(Excerpts from a dataset)
:::::

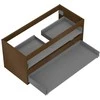 Praustuvo spintelės korpusas Mexen Box-A, 100 cm, 2 stalčiai, Nut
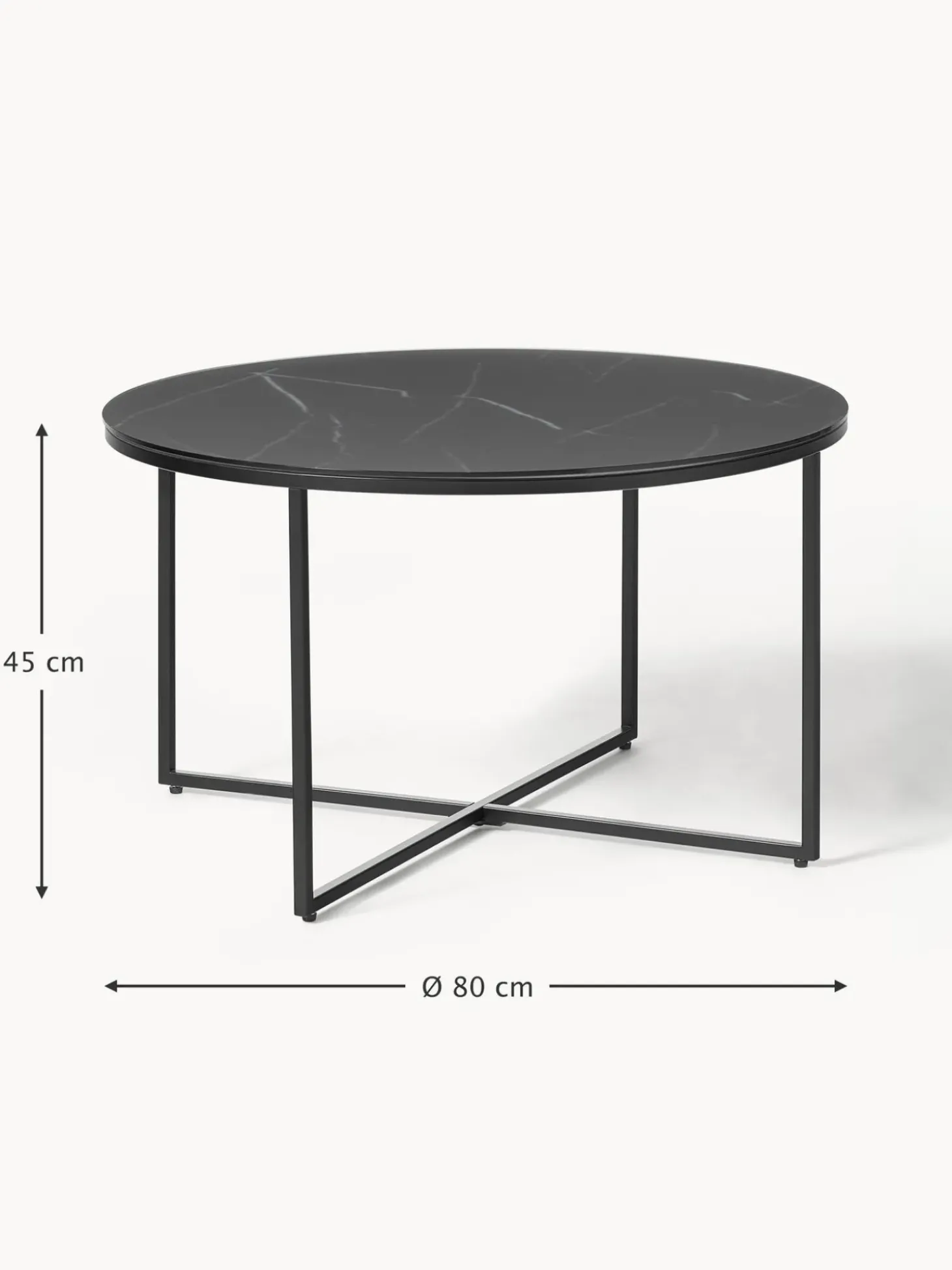 Mesa De Centro Antigua, Tablero De Vidrio En Aspecto Marmol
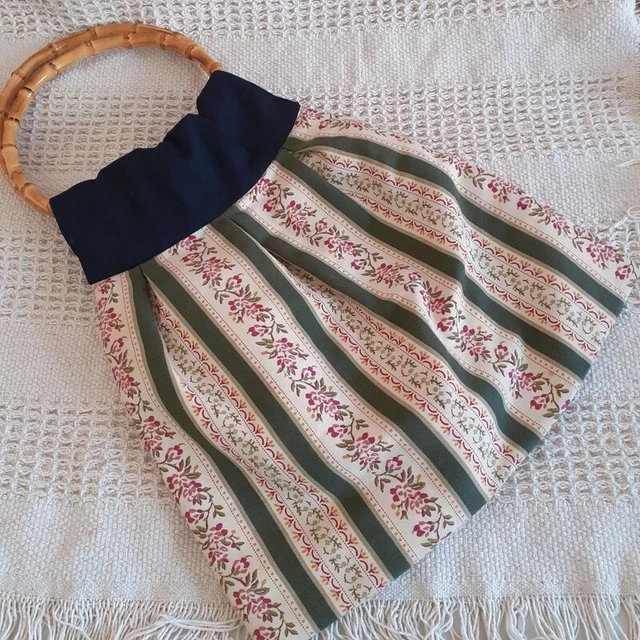Stricken Nähen Nadeltasche Tragetasche mit Bambusgriffen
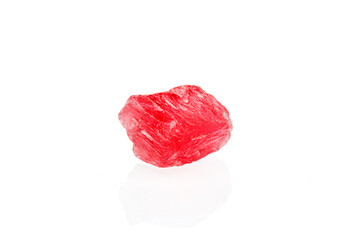 macro mineral stone spinel on a white background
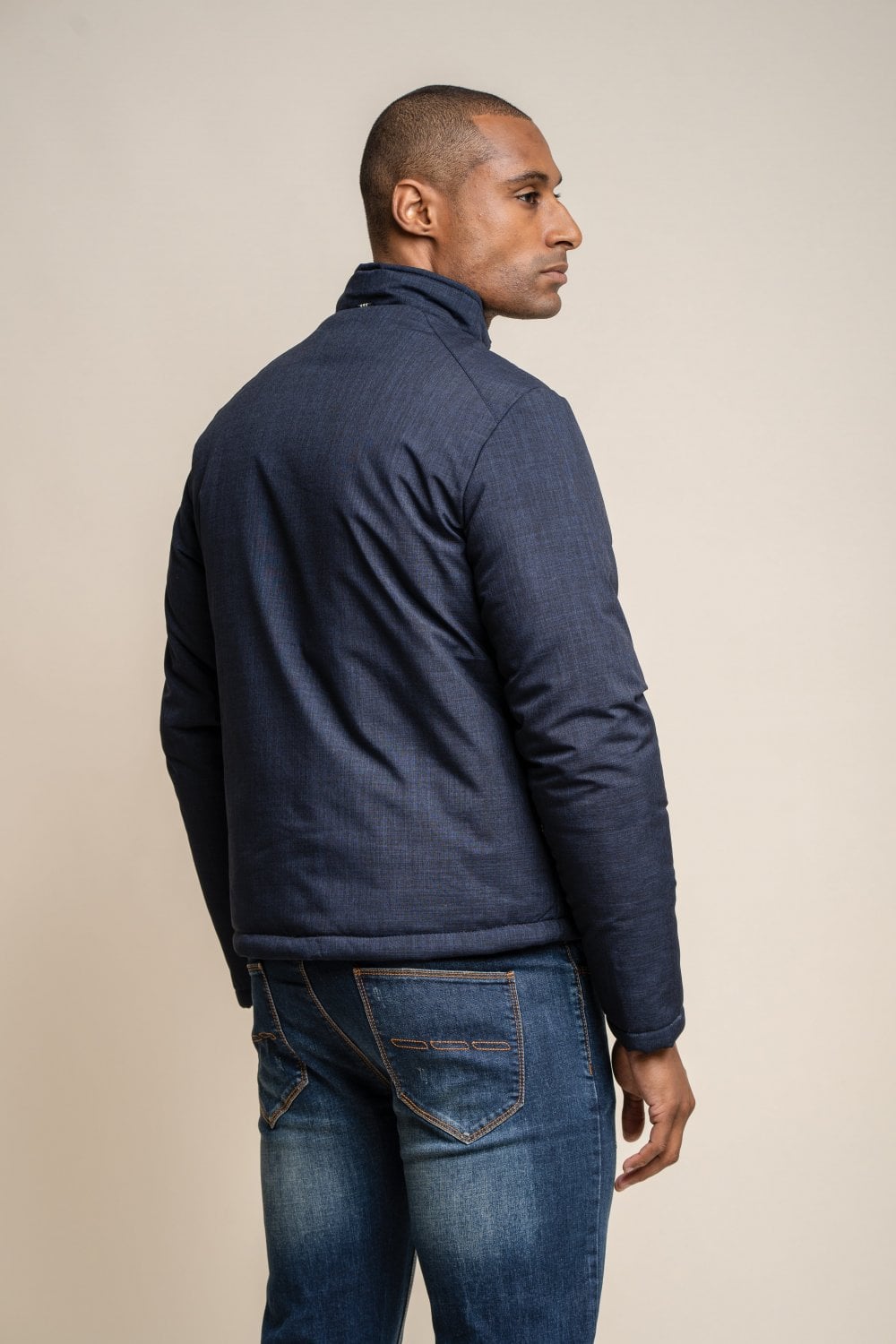 Keenan Navy Jacket - Coats - - THREADPEPPER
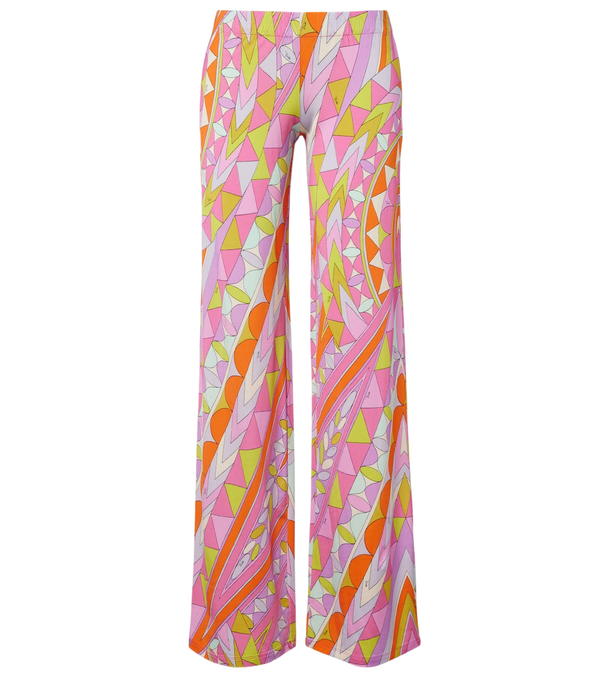 Pantalones anchos de satén Pucci Manuba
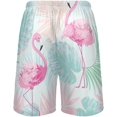 thumbnail image 3 of GZHJMY Flamingo Pajama Pants Short for Men, Lounge Pants Lightweight Men Pajama Bottoms with Drawstring Pockets, Christmas New Year Birthday Gifts, Small, 3 of 7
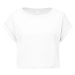 Mantis Dámske Crop top tričko - Biela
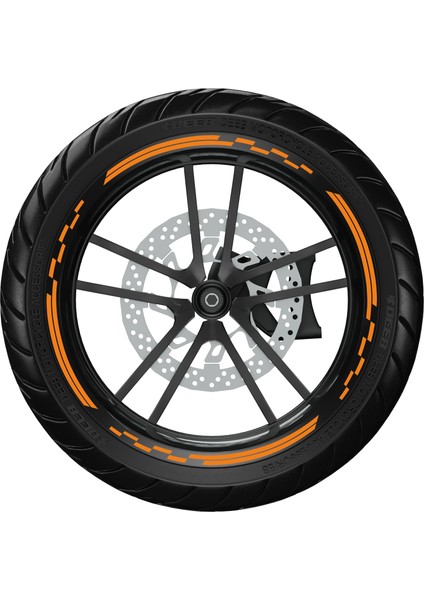 Motogp Jant Şeridi Reklektif Turuncu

:::::

Requirement: Please repeat the records above exactly, leaving every picture out.

Answer area:
 Praustuvo spintelės korpusas Mexen Box-A, 100 cm, 2 stalčiai, Nut
 Mesa De Centro Antigua, Tablero De Vidrio En Aspecto Marmol
Stricken Nähen Nadeltasche Tragetasche mit Bambusgriffen
 macro mineral stone spinel on a white background
 Keenan Navy Jacket - Coats - - THREADPEPPER
 Pantalones anchos de satén Pucci Manuba
 thumbnail image 3 of GZHJMY Flamingo Pajama Pants Short for Men, Lounge Pants Lightweight Men Pajama Bottoms with Drawstring Pockets, Christmas New Year Birthday Gifts, Small, 3 of 7
 Mantis Dámske Crop top tričko - Biela
 Motogp Jant Şeridi Reklektif Turuncu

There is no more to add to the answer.